I’m a sucker for a song that starts off slowly and comes in with a big chorus and Troubled Mind certainly does that. It’s a B-side and in the same way Noel Gallagher gave away too many great songs Kula Shaker definitely could’ve made this an album track.
Drink Tea (For The Love Of God!) is a bit of a novelty track and was a free download during the mid 2000s (but they made a video for it and even sold T shirts and other merchandise based on the drinking tea ethos on the tour around the same time). Written by Alonza Bevan it pays homage to tea, and whilst the lyrics are fun the riffs are of a very high quality. I’m talking Twinings not Typhoo here!

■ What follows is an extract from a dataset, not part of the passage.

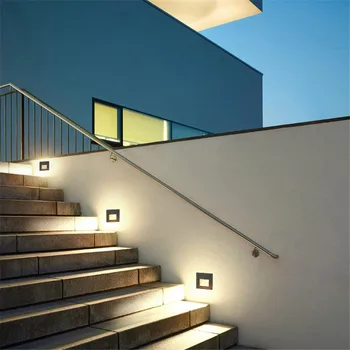  Открит Led стълбищна стъпка светлина 5W водоустойчив вдлъбнат стена ъгъл светлина LED Footlight за пейзаж пътека стълбище AC110V-220V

This track brings us bang up to date. Infinite Sun is the opener on the band’s 2016 album K 2.0. This song was originally jammed and played during the K sessions back in the band’s early days but for some reason got shelved until rediscovered for the new album. And boy was it worth the wait! It’s got all the Kula Shaker ingredients in the mix and played live on their recent tours has gone down a storm.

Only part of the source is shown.